Prompt: Using the records below, copy exactly the part that opens with the line holding "Куликов Владимир картины море парусники" and closes with the line holding "Pelipal Balto Spiegelschrank", minus the pictures.

Data supplied:
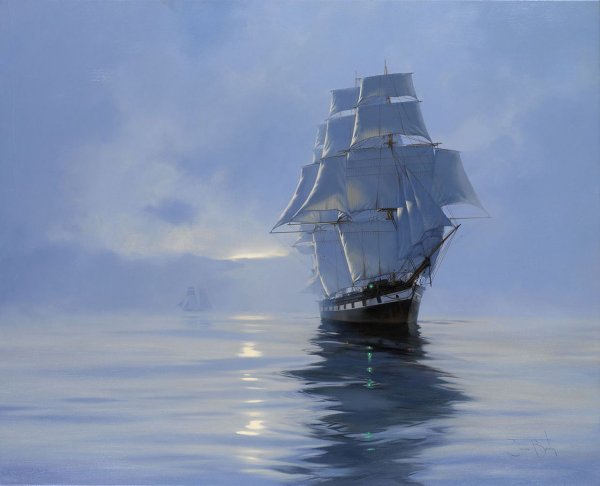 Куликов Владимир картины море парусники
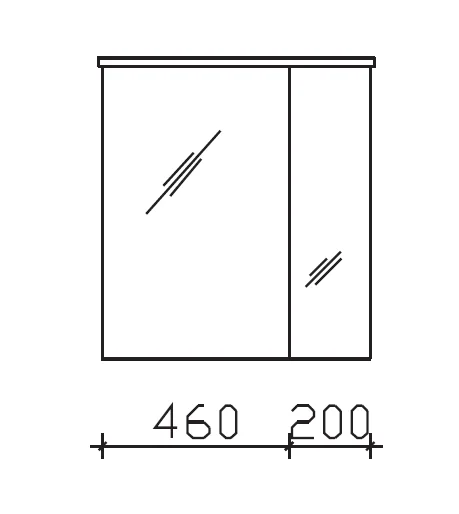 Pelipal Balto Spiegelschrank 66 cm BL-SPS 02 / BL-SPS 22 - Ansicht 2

* * *

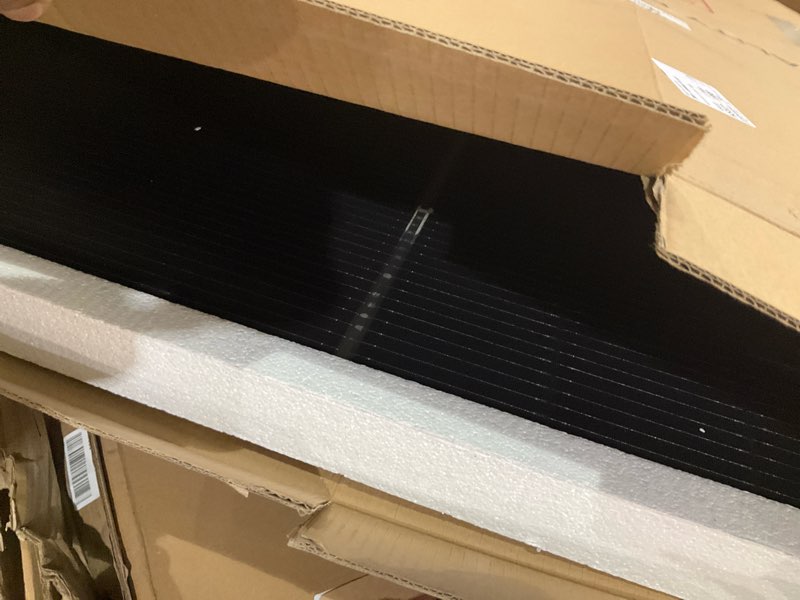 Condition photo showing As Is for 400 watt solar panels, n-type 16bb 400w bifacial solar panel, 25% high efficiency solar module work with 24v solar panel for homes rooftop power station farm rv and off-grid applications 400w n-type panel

Task answer:
 Куликов Владимир картины море парусники
 Pelipal Balto Spiegelschrank 66 cm BL-SPS 02 / BL-SPS 22 - Ansicht 2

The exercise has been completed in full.